Ein Staat oder ein Kanton, der nur ausgibt, was er einnimmt, investiert oftmals zu wenig in seine Zukunft. Investitionen in einen sicheren Sozialstaat, in Ökologie, Infrastruktur- und Zukunftsprojekte erfordern einen Geldbedarf, der meist mit Steuermitteln alleine nicht finanzierbar ist. Deshalb ist es wirtschafts- und gesellschaftspolitisch sinnvoll, die immer wieder propagierte und angestrebte «Schwarze Null» in Haushalten der öffentlichen Hand in Frage zu stellen und auf nationaler Ebene die Schuldenbremse zu modifizieren.
Liebe Parteimitglieder
Liebe Parteifreundinnen und Parteifreunde
Heute stehen die Landsgemeindevorlagen im Zentrum. Ein wichtiges Traktandum ist die Totalrevision der Kantonsverfassung. Wir nahmen das Resultat der kantonalen Abstimmung vom Mai 2021, bei der Totalrevision der Kantonsverfassung nur redaktionelle Anpassungen vorzunehmen, zur Kenntnis. Für uns ist jedoch der Verzicht auf eine inhaltliche Überarbeitung eine verpasste Chance. Wir plädierten für eine breit abgestützte, von einem Verfassungsrat begleitete, redaktionelle und inhaltliche Totalrevision.
Die überarbeitete Verfassung enthält nebst sinnvollen und wichtigen redaktionellen Anpassungen nun doch auch inhaltliche Änderungen. Diese wurden von der Standeskommission auf Grund von Mängeln der geltenden Verfassung vorgenommen. Vom gleichen Recht Gebrauch machend, beantragten wir in unserer Vernehmlassungsantwort u.a. die Einführung des Proporzwahlrechtes in den beiden grossen Bezirken Appenzell und Schwende-Rüte mit je 18 Grossratssitzen. Mit den Proporzwahlen haben politische Minderheiten fairere Chancen. Die Bevölkerung wird wirklichkeitsgetreuer und gerechter im Wahlresultat und in der Zusammensetzung des Grossen Rats abgebildet. Zudem wird die Bedeutung der politischen Parteien, Verbände und Gruppierungen gestärkt. Denn ihre politischen Programme erhalten mehr Gewicht. Dies stärkt auch die Stellung des Parlaments. Zudem müssen Proporzwahlen in einer Urnenwahl durchgeführt werden. Somit wird im Unterschied zu den Wahlen an den Bezirksgemeinden einer viel grösseren Anzahl Stimmberechtigten die Teilnahme ermöglicht und das Stimmgeheimnis wird gewahrt. Diese zeitgemässen und die Demokratie stärkenden Argumente werden in der neuen Verfassung total ignoriert. Mit der neu gefassten Möglichkeit zur Bildung von kleineren Unterwahlkreisen wird das Majorzwahlverfahren in der Verfassung noch zusätzlich zementiert.
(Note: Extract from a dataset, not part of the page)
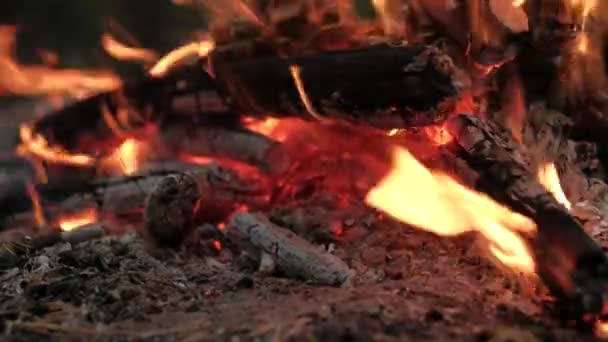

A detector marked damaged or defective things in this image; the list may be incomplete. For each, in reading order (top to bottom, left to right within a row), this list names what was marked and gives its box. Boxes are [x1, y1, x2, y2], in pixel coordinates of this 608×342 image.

Zum Schluss – geschätzte Anwesenden – noch dies: Der Tod von Alexej Nawalny und der Umgang mit Regimekritikern zeigen auf – und man kann es nicht genug betonen – wie privilegiert wir in unserem Land sind. Heute Abend haben wir die Gelegenheit, mit einem Mitglied der Regierung frei über politische Inhalte pro und kontra zu debattieren. Auch besteht keine Gefahr für diese roten Rosen – das Symbol unserer Partei – dass sie wie bei den Trauerkundgebungen für Nawalny als Zeichen des Protestes eingestuft und deshalb vom Regime drakonisch weggeräumt werden.
Diesen offenen Debatten – diesem demokratisches Gut – gilt es Sorge zu tragen. Nur so haben wir als kleine Partei überhaupt eine Chance, uns auf dem für uns harten politischen Terrain am Alpstein konstruktiv einzubringen. Vielen Dank, dass ihr – unserem sozialen Kompass folgend – eine Politik mitträgt, welche die Bedürfnisse der Menschen ins Zentrum stellt.
Ich freue mich nun auf anregende Debatten und danke euch für eure Aufmerksamkeit.